• PROBLEM REQUIREMENTS
Give the data below again exactly, and drop each picture from it.

• GIVEN DATA
*** Begin section ***

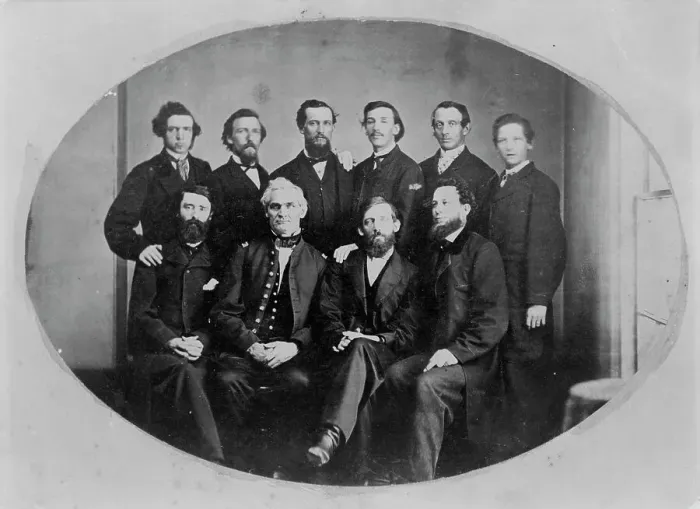 Framed Print : Portrait of ten men including Anderson Doniphan Johnston... between 1860 and 1880 Creator: Frances Benjamin Johnston Framed Print : Portrait of ten men including Anderson Doniphan Johnston... between 1860 and 1880 Creator: Frances Benjamin Johnston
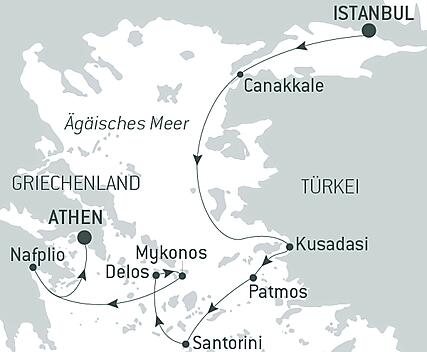 Reiseroute - Kreuzfahrt in der Ägäis: Türkei und die griechischen Inseln – mit Smithsonian Journeys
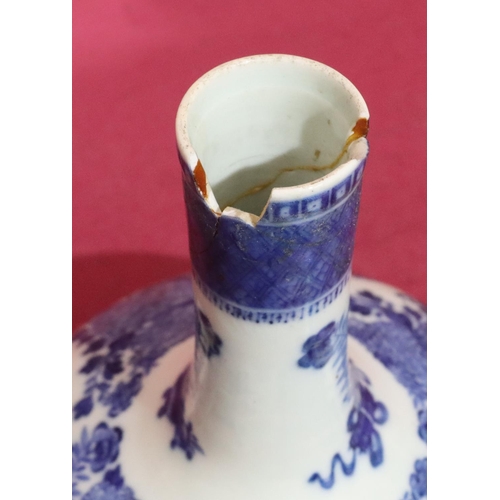 155 - A Blue and white round bulbous thin neck vase with stopper with allover floral, leaf and scroll deco...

*** End section ***

• RESPONSE AREA
 Framed Print : Portrait of ten men including Anderson Doniphan Johnston... between 1860 and 1880 Creator: Frances Benjamin Johnston Framed Print : Portrait of ten men including Anderson Doniphan Johnston... between 1860 and 1880 Creator: Frances Benjamin Johnston
 Reiseroute - Kreuzfahrt in der Ägäis: Türkei und die griechischen Inseln – mit Smithsonian Journeys
 155 - A Blue and white round bulbous thin neck vase with stopper with allover floral, leaf and scroll deco...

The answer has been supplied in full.